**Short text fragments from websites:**
- - -

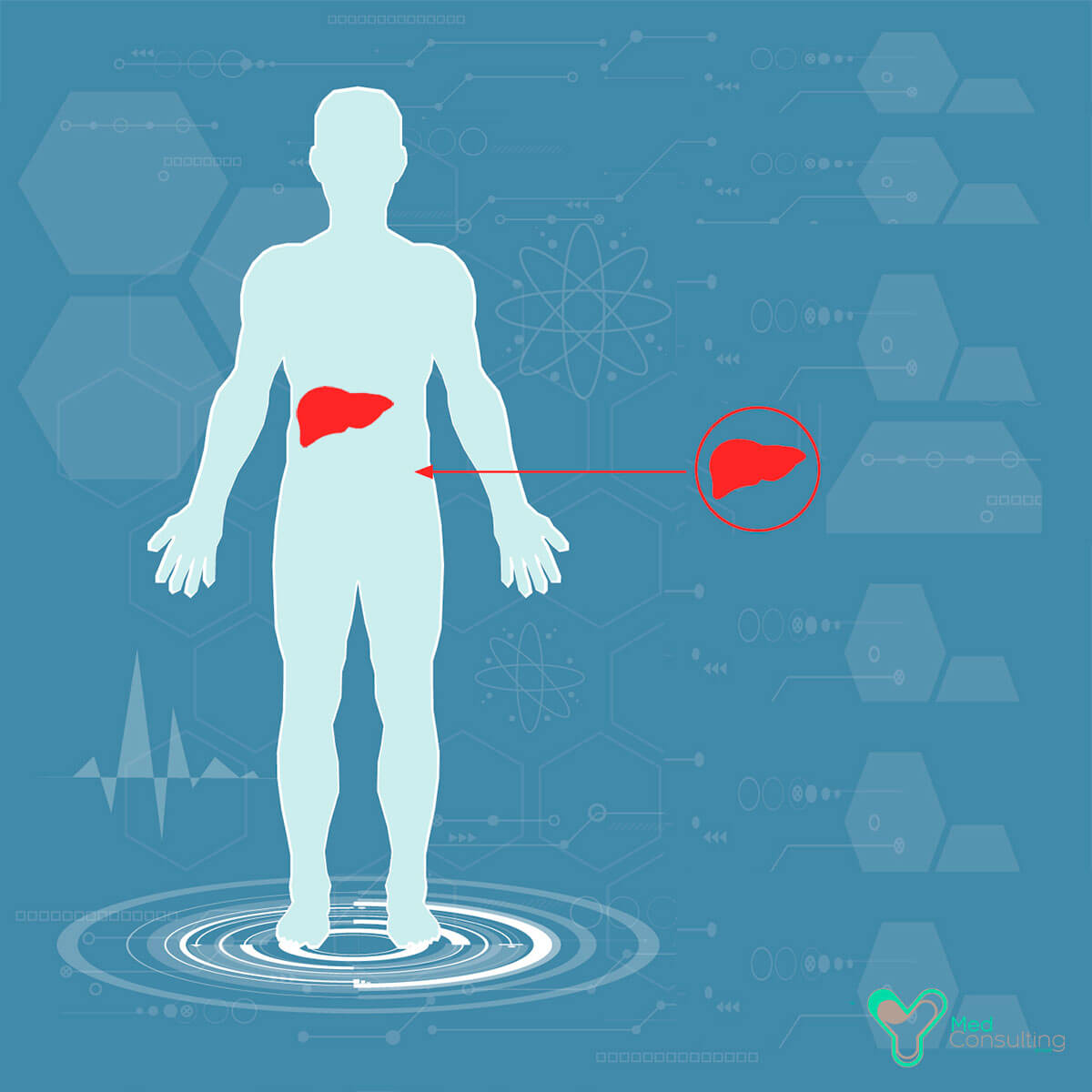 Лечение цирроза печени в Германии у лучших специалистов : YY MedConsulting  GmbH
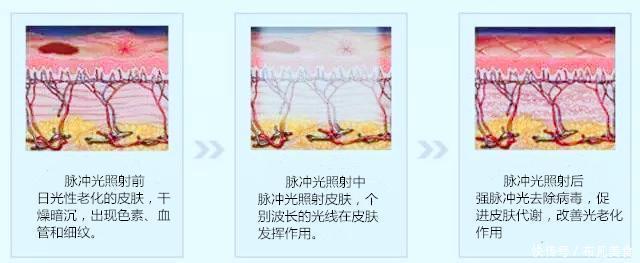 这些医美项目比你们所有的化妆品还有用！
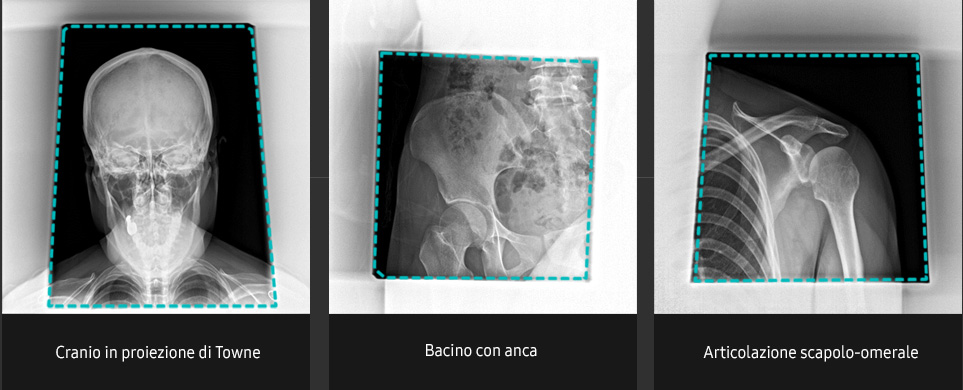 Immagini radiografiche in diverse condizioni di esame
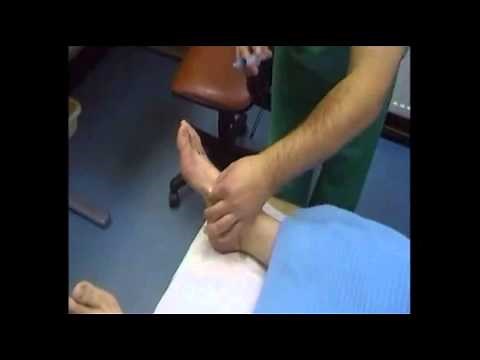 Foot Surgery Toe Straightening Procedure
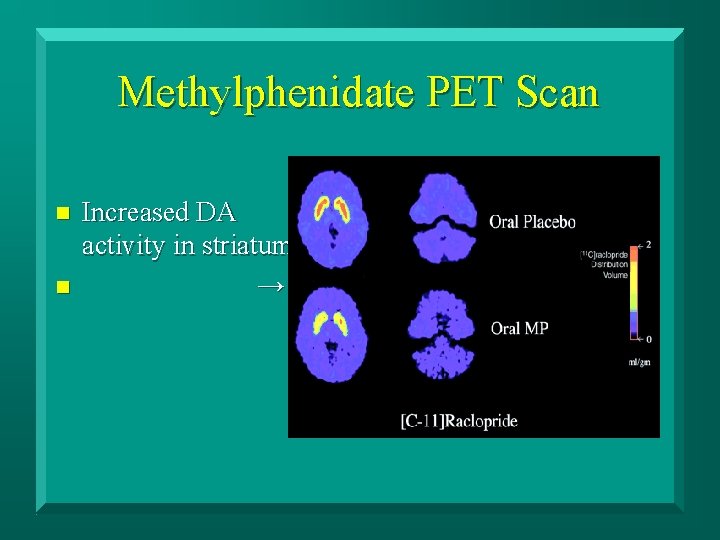 Methylphenidate PET Scan n n Increased DA activity in striatum → 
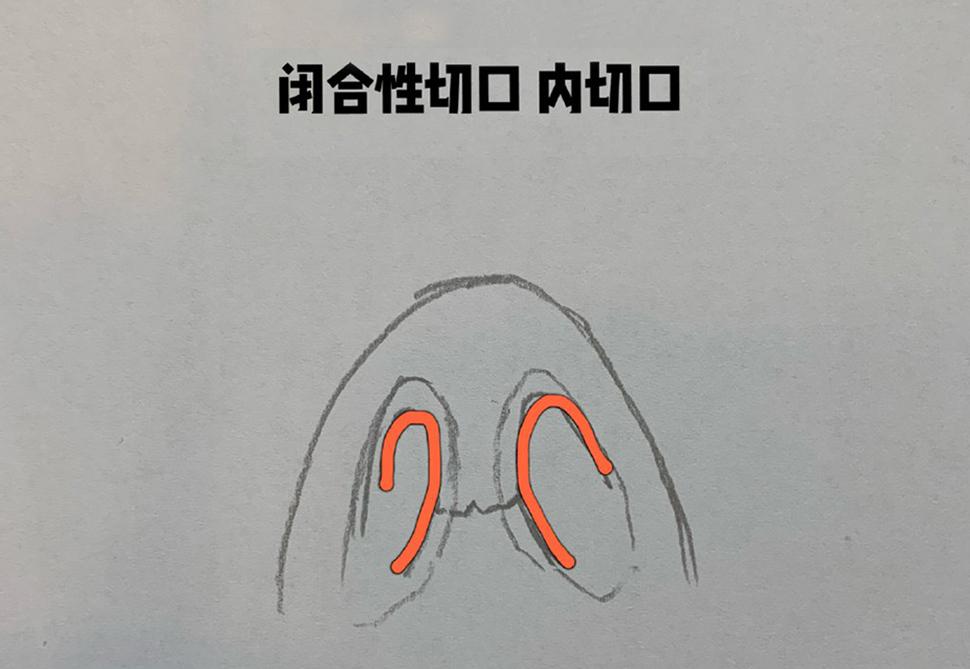 隆鼻手术切口是什么样的?可以自己选择吗? - 知乎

- - -

Print every entry word for word; omit the pictures.

 Лечение цирроза печени в Германии у лучших специалистов : YY MedConsulting  GmbH
 这些医美项目比你们所有的化妆品还有用！
 Immagini radiografiche in diverse condizioni di esame
 Foot Surgery Toe Straightening Procedure
 Methylphenidate PET Scan n n Increased DA activity in striatum → 
 隆鼻手术切口是什么样的?可以自己选择吗? - 知乎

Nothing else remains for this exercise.